### Entries shown:
/---

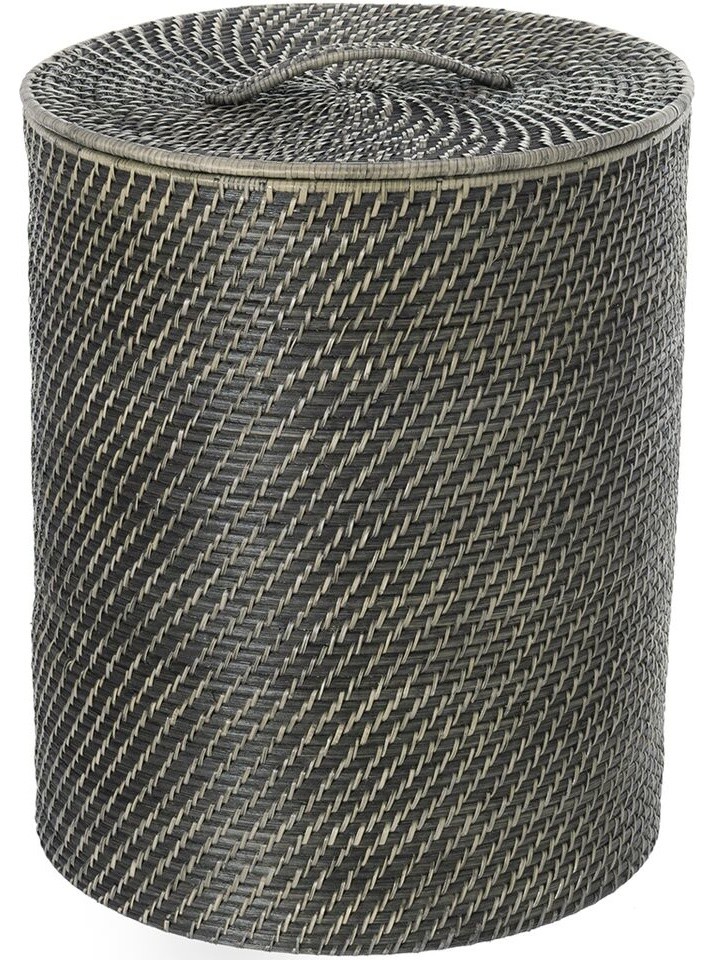 Laguna Round Rattan Hamper w/Liner, Black Wash Tropical Hampers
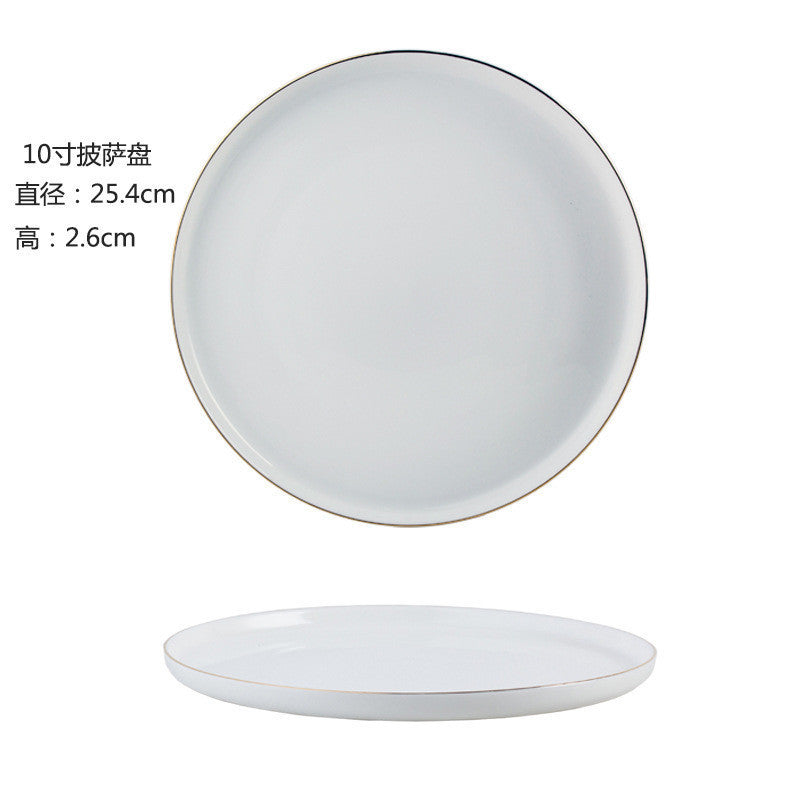 8/10Inch Nordic Black Matte Ceramic Dishes Dessert Salad Steak Plates Tableware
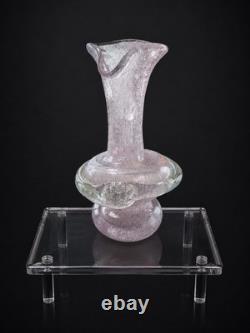 Vintage Pink Murano Style Art Glass Vase Pitcher Hand Blown Italian 5.75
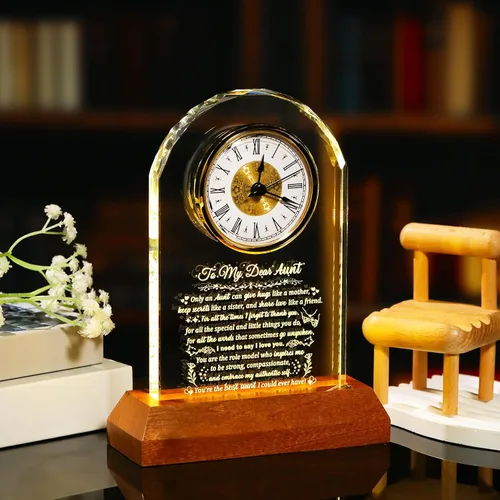 Miniatura 3 de Arikyrist Regalos para Tía de Sobrina y Sobrino con Base de Madera con Luz, Reloj de Cristal Significativo para Tía, Regalos de Cumpleaños, Regalos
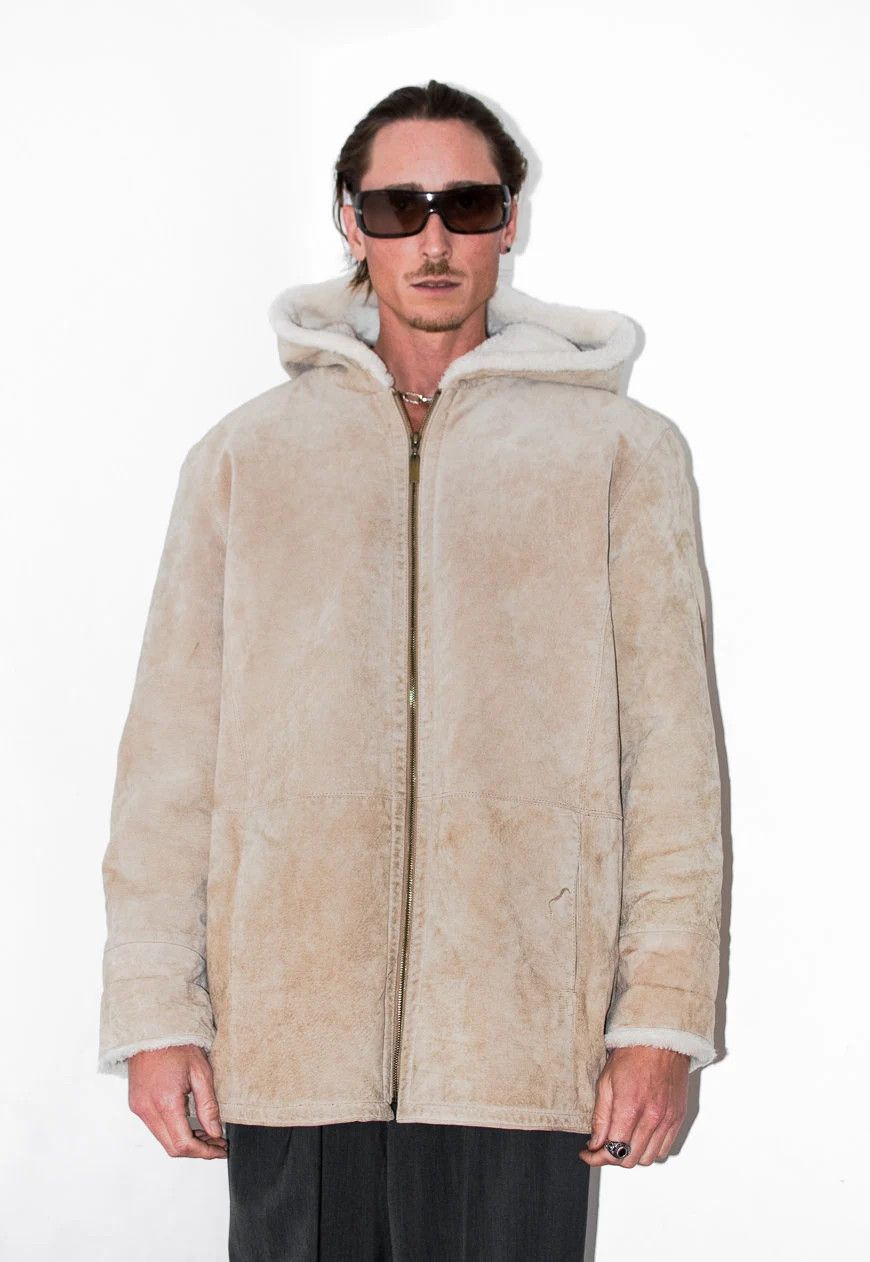 image of Vintage Real Leather And Faux Fur Coat in Beige, Men's (Size XL)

\---

### Task requirements:
Print each line from the one containing "8/10Inch Nordic Black" through the last line of the listing, both included, exactly and with no pictures.

### Your response:
 8/10Inch Nordic Black Matte Ceramic Dishes Dessert Salad Steak Plates Tableware
 Vintage Pink Murano Style Art Glass Vase Pitcher Hand Blown Italian 5.75
 Miniatura 3 de Arikyrist Regalos para Tía de Sobrina y Sobrino con Base de Madera con Luz, Reloj de Cristal Significativo para Tía, Regalos de Cumpleaños, Regalos
 image of Vintage Real Leather And Faux Fur Coat in Beige, Men's (Size XL)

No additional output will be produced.